#### [Task instructions]
The listing should be returned in its entirety, exactly as given.

#### [Data in this exercise]
☆ ☆ ☆

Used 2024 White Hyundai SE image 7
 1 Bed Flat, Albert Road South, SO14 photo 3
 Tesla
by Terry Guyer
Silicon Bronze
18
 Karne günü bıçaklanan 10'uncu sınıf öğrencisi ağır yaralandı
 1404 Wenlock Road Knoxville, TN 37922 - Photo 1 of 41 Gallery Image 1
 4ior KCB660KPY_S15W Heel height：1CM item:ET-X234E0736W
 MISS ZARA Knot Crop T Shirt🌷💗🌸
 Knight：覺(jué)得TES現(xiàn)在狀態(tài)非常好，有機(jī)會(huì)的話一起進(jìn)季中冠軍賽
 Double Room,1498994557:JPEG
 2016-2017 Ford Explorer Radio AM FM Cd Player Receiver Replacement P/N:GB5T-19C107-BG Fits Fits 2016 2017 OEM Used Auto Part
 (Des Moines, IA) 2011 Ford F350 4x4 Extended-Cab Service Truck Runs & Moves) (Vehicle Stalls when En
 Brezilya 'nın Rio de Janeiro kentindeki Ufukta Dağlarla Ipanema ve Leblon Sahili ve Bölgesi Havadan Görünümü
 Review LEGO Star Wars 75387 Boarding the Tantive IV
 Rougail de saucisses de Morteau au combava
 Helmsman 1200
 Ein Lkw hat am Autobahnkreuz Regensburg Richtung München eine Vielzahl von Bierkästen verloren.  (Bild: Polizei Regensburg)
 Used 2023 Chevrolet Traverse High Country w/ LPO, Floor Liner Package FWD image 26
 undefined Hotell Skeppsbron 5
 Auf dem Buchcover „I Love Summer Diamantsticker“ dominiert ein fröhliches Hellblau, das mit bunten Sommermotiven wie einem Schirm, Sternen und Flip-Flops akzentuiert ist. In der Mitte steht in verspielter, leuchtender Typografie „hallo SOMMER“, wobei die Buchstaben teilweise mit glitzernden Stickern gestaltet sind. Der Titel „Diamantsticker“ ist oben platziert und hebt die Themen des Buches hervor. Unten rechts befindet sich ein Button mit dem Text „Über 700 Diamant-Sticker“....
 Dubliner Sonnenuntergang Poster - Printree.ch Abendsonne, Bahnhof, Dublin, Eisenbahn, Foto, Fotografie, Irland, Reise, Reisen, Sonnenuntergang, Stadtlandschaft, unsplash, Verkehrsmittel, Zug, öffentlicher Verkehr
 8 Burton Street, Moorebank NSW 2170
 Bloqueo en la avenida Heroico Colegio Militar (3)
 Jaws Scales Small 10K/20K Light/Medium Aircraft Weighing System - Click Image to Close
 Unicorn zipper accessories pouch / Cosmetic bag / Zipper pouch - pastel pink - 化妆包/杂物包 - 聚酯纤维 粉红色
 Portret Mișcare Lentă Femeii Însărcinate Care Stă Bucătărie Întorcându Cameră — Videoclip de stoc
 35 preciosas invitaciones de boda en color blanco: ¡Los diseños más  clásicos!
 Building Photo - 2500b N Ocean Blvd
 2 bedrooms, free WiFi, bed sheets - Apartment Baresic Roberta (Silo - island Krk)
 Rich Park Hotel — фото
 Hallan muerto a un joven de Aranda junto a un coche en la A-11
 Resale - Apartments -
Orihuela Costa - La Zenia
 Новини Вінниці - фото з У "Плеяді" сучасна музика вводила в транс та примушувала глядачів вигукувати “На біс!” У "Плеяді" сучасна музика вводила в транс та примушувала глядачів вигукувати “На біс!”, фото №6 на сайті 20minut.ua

☆ ☆ ☆

#### [Written solution]
Used 2024 White Hyundai SE image 7
 1 Bed Flat, Albert Road South, SO14 photo 3
 Tesla
by Terry Guyer
Silicon Bronze
18
 Karne günü bıçaklanan 10'uncu sınıf öğrencisi ağır yaralandı
 1404 Wenlock Road Knoxville, TN 37922 - Photo 1 of 41 Gallery Image 1
 4ior KCB660KPY_S15W Heel height：1CM item:ET-X234E0736W
 MISS ZARA Knot Crop T Shirt🌷💗🌸
 Knight：覺(jué)得TES現(xiàn)在狀態(tài)非常好，有機(jī)會(huì)的話一起進(jìn)季中冠軍賽
 Double Room,1498994557:JPEG
 2016-2017 Ford Explorer Radio AM FM Cd Player Receiver Replacement P/N:GB5T-19C107-BG Fits Fits 2016 2017 OEM Used Auto Part
 (Des Moines, IA) 2011 Ford F350 4x4 Extended-Cab Service Truck Runs & Moves) (Vehicle Stalls when En
 Brezilya 'nın Rio de Janeiro kentindeki Ufukta Dağlarla Ipanema ve Leblon Sahili ve Bölgesi Havadan Görünümü
 Review LEGO Star Wars 75387 Boarding the Tantive IV
 Rougail de saucisses de Morteau au combava
 Helmsman 1200
 Ein Lkw hat am Autobahnkreuz Regensburg Richtung München eine Vielzahl von Bierkästen verloren.  (Bild: Polizei Regensburg)
 Used 2023 Chevrolet Traverse High Country w/ LPO, Floor Liner Package FWD image 26
 undefined Hotell Skeppsbron 5
 Auf dem Buchcover „I Love Summer Diamantsticker“ dominiert ein fröhliches Hellblau, das mit bunten Sommermotiven wie einem Schirm, Sternen und Flip-Flops akzentuiert ist. In der Mitte steht in verspielter, leuchtender Typografie „hallo SOMMER“, wobei die Buchstaben teilweise mit glitzernden Stickern gestaltet sind. Der Titel „Diamantsticker“ ist oben platziert und hebt die Themen des Buches hervor. Unten rechts befindet sich ein Button mit dem Text „Über 700 Diamant-Sticker“....
 Dubliner Sonnenuntergang Poster - Printree.ch Abendsonne, Bahnhof, Dublin, Eisenbahn, Foto, Fotografie, Irland, Reise, Reisen, Sonnenuntergang, Stadtlandschaft, unsplash, Verkehrsmittel, Zug, öffentlicher Verkehr
 8 Burton Street, Moorebank NSW 2170
 Bloqueo en la avenida Heroico Colegio Militar (3)
 Jaws Scales Small 10K/20K Light/Medium Aircraft Weighing System - Click Image to Close
 Unicorn zipper accessories pouch / Cosmetic bag / Zipper pouch - pastel pink - 化妆包/杂物包 - 聚酯纤维 粉红色
 Portret Mișcare Lentă Femeii Însărcinate Care Stă Bucătărie Întorcându Cameră — Videoclip de stoc
 35 preciosas invitaciones de boda en color blanco: ¡Los diseños más  clásicos!
 Building Photo - 2500b N Ocean Blvd
 2 bedrooms, free WiFi, bed sheets - Apartment Baresic Roberta (Silo - island Krk)
 Rich Park Hotel — фото
 Hallan muerto a un joven de Aranda junto a un coche en la A-11
 Resale - Apartments -
Orihuela Costa - La Zenia
 Новини Вінниці - фото з У "Плеяді" сучасна музика вводила в транс та примушувала глядачів вигукувати “На біс!” У "Плеяді" сучасна музика вводила в транс та примушувала глядачів вигукувати “На біс!”, фото №6 на сайті 20minut.ua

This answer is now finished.